Been dealing with depression and anxiety for a couple of decades, sort of successfully. Couple of years ago got told I had cancer, a week after that my girlfriend broke up with me after a 7 year relationship, couple of weeks after that I got told that the garage space I was renting for extremely cheap was sold and I had to find a new place. Found a new place, got surgery on the cancer, had a few months of recovery, went back to work, rent was now 4 times more, while I was doing the move and dealing with the cancer my customers found new places. I ended up with not enough customers, couldn’t pay the rent, had to close shop. Now I’m even more depressed, out of money and I have no idea what to do, how to get out of this hole. Most of the solutions I’ve come up with are on the darker side but as for now, I’m still being too stubborn to quit things. I have a feeling that I’ll reevaluate the situation when autumn arrives.

But hey, at least the cancer is gone.

For decades I’d been battling PTSD. After at least 5 therapists and many medications, I’d say it’s under control.

I learned very late in life that I have ADHD, so I’m trying to balance that out. What stinks is that it affected my childhood and I had no idea, and there’s nothing I can do about it now.

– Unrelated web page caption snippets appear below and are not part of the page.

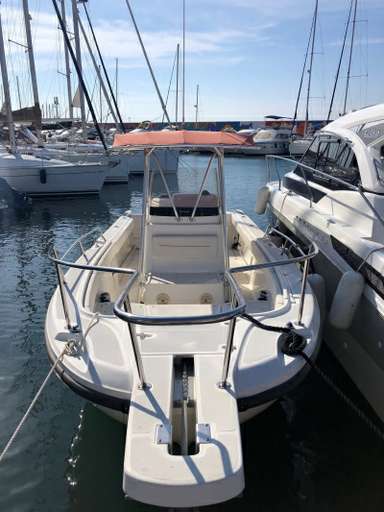 BOSTON WHALER BOSTON WHALER Boston 26 outrage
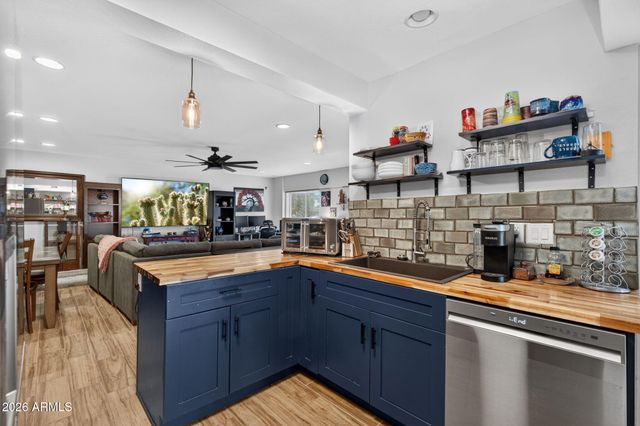 4120 E FAIRVIEW Circle, Mesa, AZ 85206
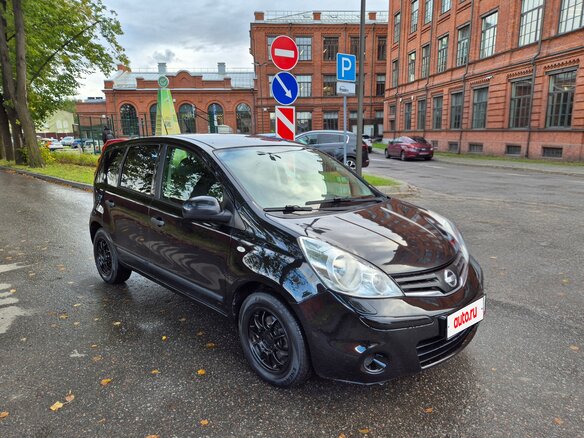2010 Nissan Note I Рестайлинг, чёрный - вид 1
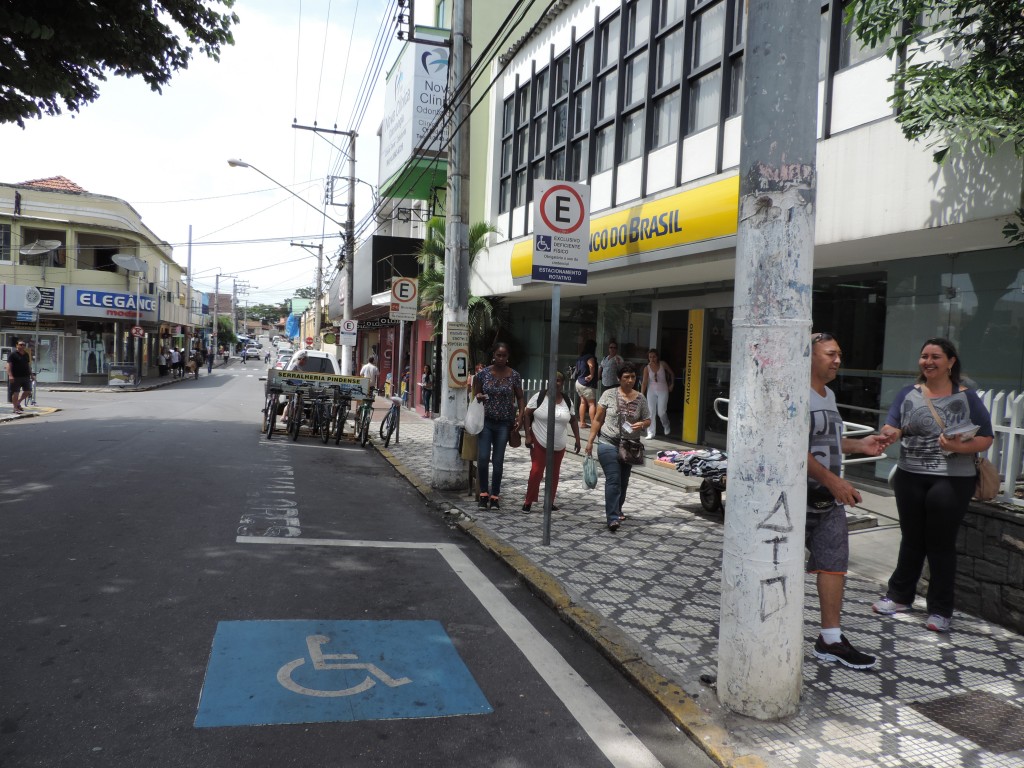 Sinalização de área restrita para deficientes físicos no Centro de Pinda; cidade .......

I have inoperable brain cancer, so there’s that. Sometimes pretty inconvenient.
Does inoperable mean untreatable ? does it hurt ?
It’s in my motor cortex, so if they cut it out I’d probably die. It doesn’t hurt, it affects my ability to use my left arm. Fortunately it’s a very treatable rare type; I went through chemo and radiation and it’s stopped the progression. It needs periodic monitoring (through head MRI) and oncologist visits. Will probably shorten my lifespan though.
Ok, pretty damn cool that it is treatable… Is there anything you can’t do now with the impact your left arm ? how do you work around it ?
It just… doesn’t work as well. Hard to describe, but it was all but useless before I went to lots of occupational therapy. I basically had to re-learn how to use my left arm. It’s about 75% now. I can do normal stuff but I have to be really careful with it. For example, if I’m holding a drink I have to be sure to focus on holding it upright, otherwise it spills. That’s a long way from being unable to type. I had to use a speech-to-text app on my computer for a while there.